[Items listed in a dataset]
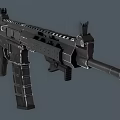 Black Modern Tactical Rifle With Rail System Magazine And Barrel Design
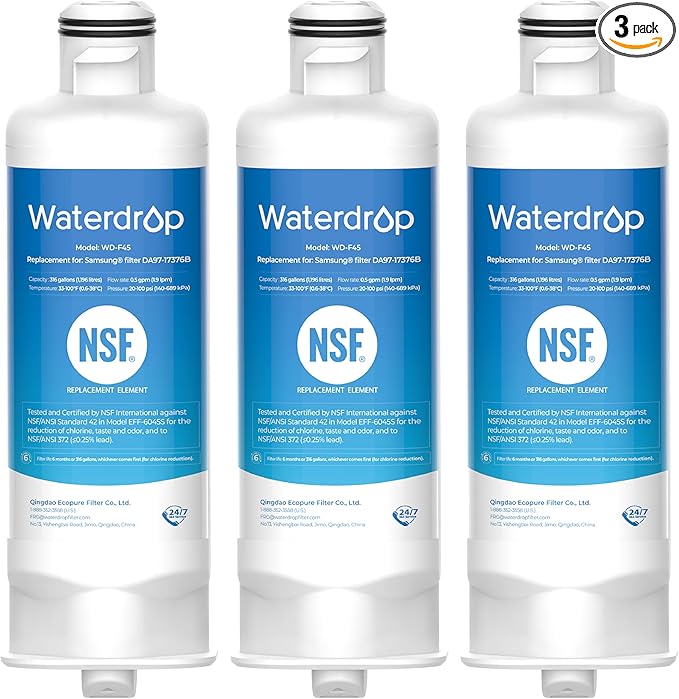 Waterdrop DA97-17376B Replacement for Samsung® HAF-QIN/EXP, DA97-08006C, RF28R7201SR, RF28R7351SG, WD-F45, Refrigerator Water Filter, 3 Filters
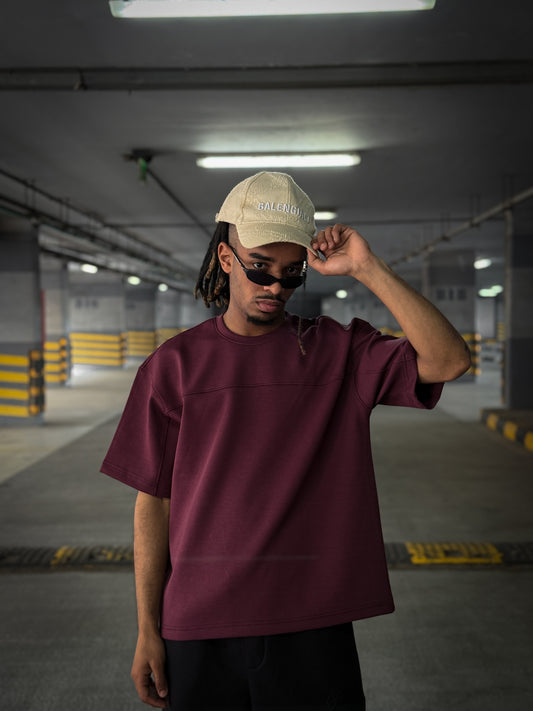(Burgundy) The Horizon Oversized Boxy Tee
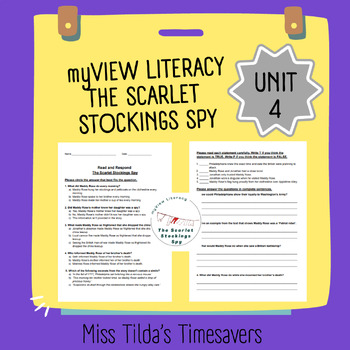 Preview of The Scarlet Stockings Spy - Read and Respond myView Literacy 5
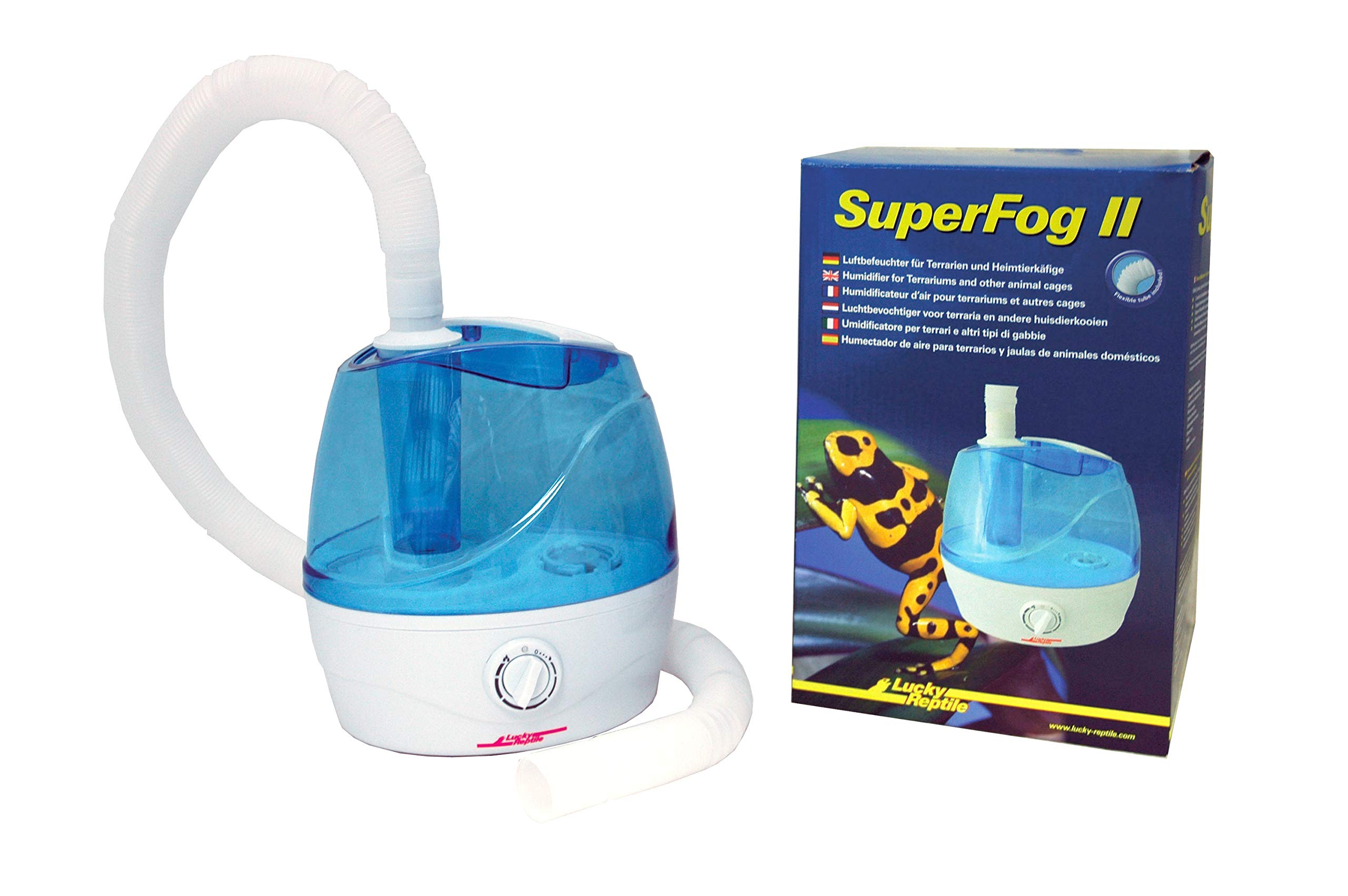 Lucky Reptile Super Fog II - Terrarien Luftbefeuchter mit 2,1 Liter Wassertank - Nebelmaschine mit 300 ml/h Vernebelungsleistung - geräuscharme & einstellbare Benebelungsanlage - Terrarium Zubehör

• Activity: Repeat, exactly and only, the lines from the one containing "Preview of The" through the final line of the data, both ends included, leaving out any picture.

• Output for this exercise:
 Preview of The Scarlet Stockings Spy - Read and Respond myView Literacy 5
 Lucky Reptile Super Fog II - Terrarien Luftbefeuchter mit 2,1 Liter Wassertank - Nebelmaschine mit 300 ml/h Vernebelungsleistung - geräuscharme & einstellbare Benebelungsanlage - Terrarium Zubehör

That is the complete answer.